The material below holds pictures, which are to be left out; copy exactly the lines from the one with "PROJECTEUR Peugeot —" through the one with "images/download/attachments/38573655/image2014-1-24_2-1-40.png".

» **DATA TO EXAMINE**:
'''
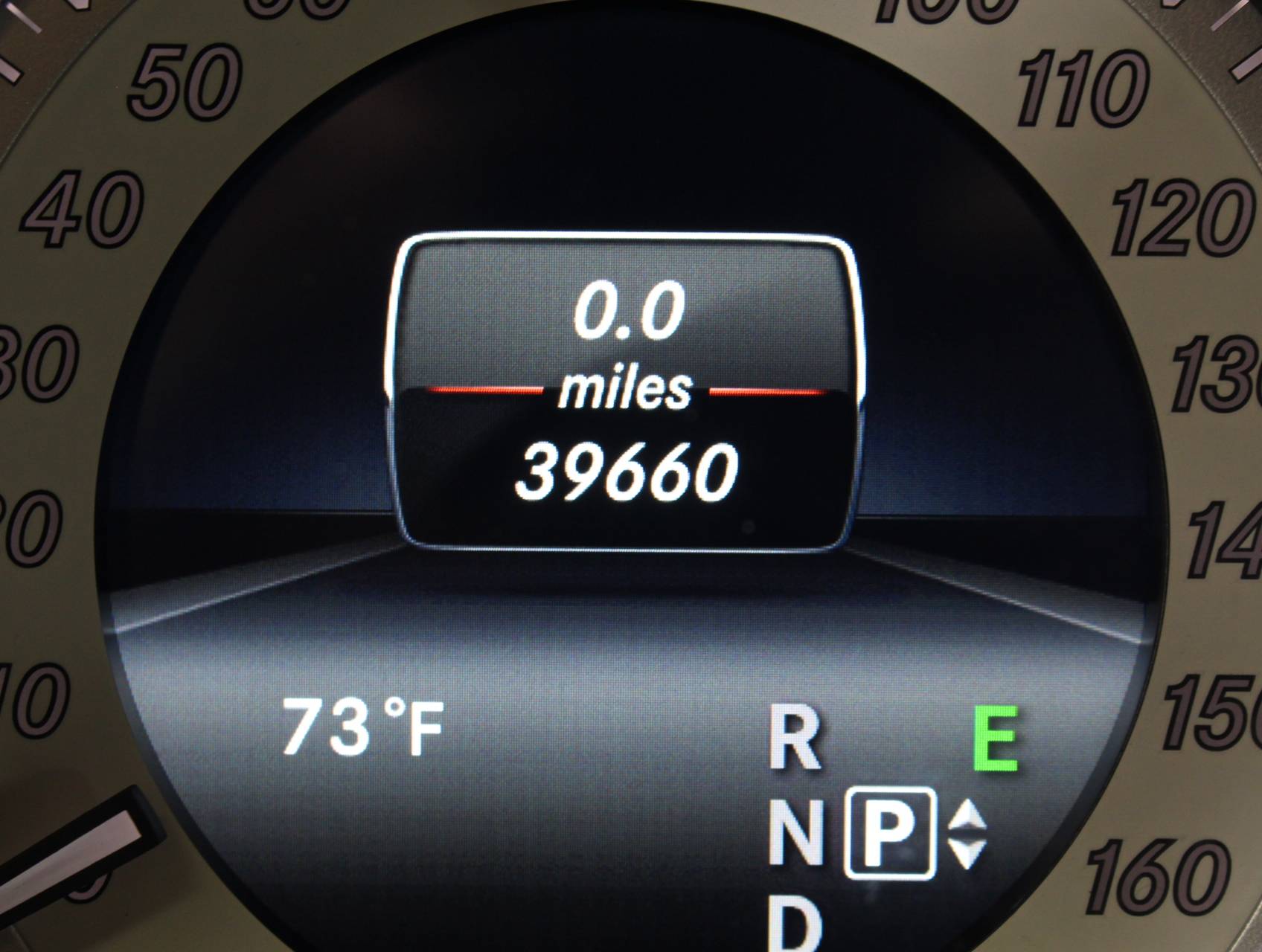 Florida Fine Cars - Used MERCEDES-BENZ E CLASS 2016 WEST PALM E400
'''
'''
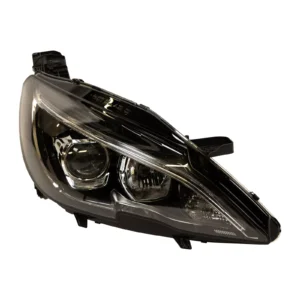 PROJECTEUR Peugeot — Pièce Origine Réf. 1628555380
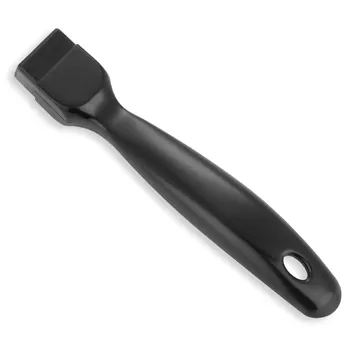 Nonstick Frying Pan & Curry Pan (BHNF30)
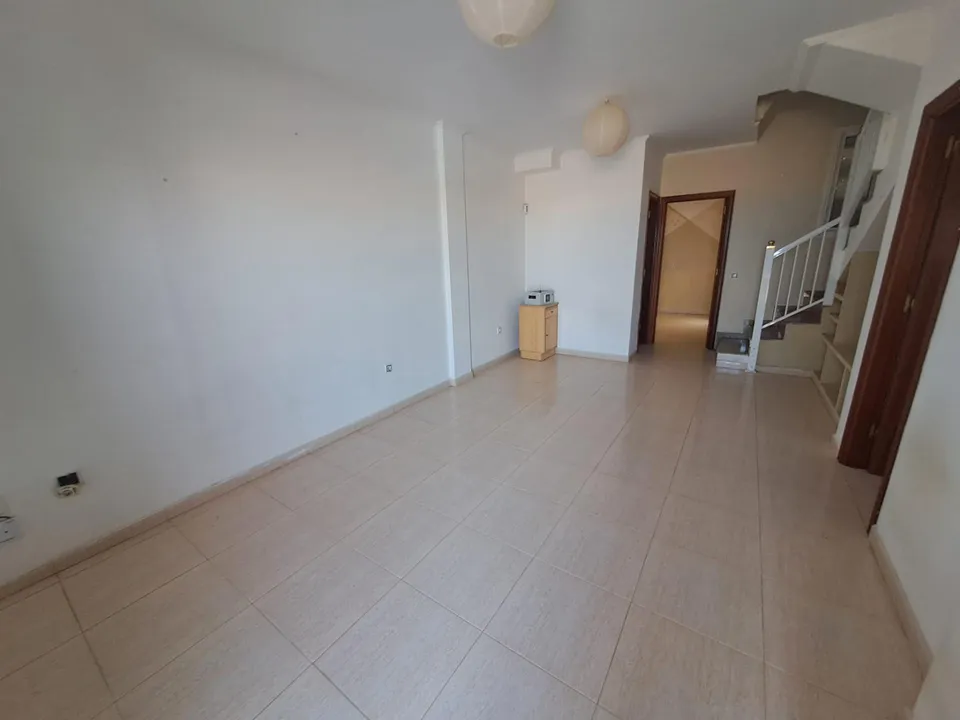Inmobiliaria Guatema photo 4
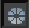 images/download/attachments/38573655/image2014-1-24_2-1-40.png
'''
'''
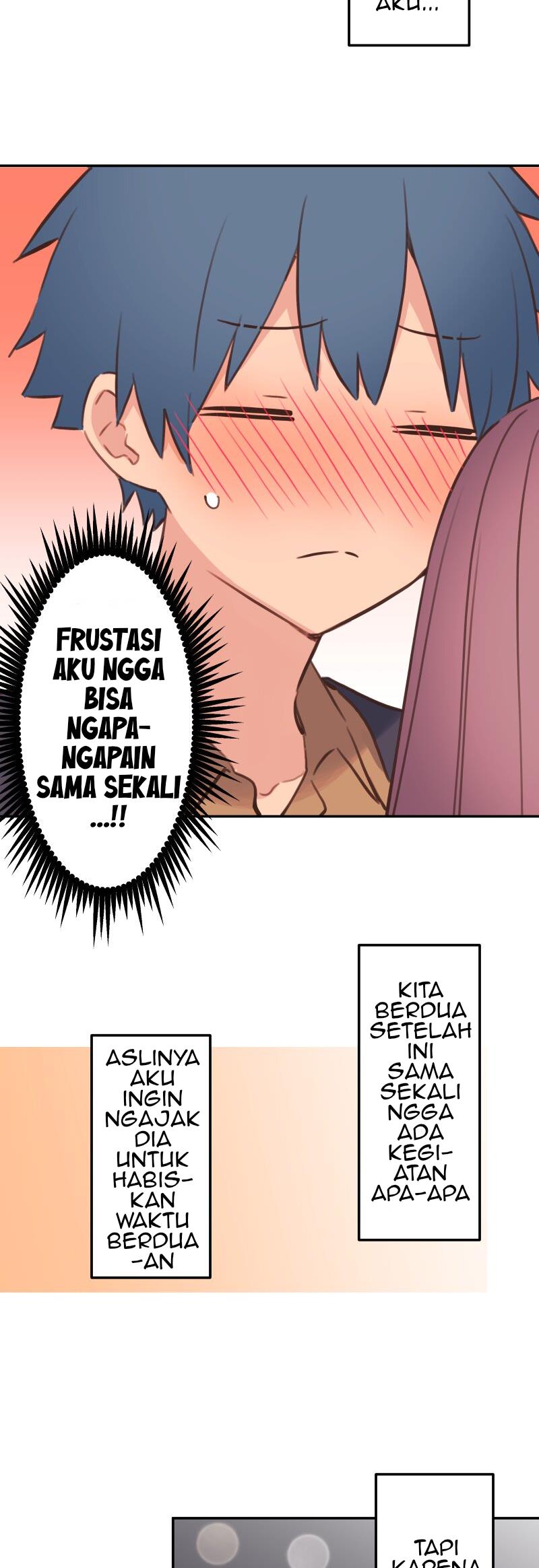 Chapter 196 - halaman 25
'''
» **THE COMPLETED TASK**:
 PROJECTEUR Peugeot — Pièce Origine Réf. 1628555380
 Nonstick Frying Pan & Curry Pan (BHNF30)
Inmobiliaria Guatema photo 4
 images/download/attachments/38573655/image2014-1-24_2-1-40.png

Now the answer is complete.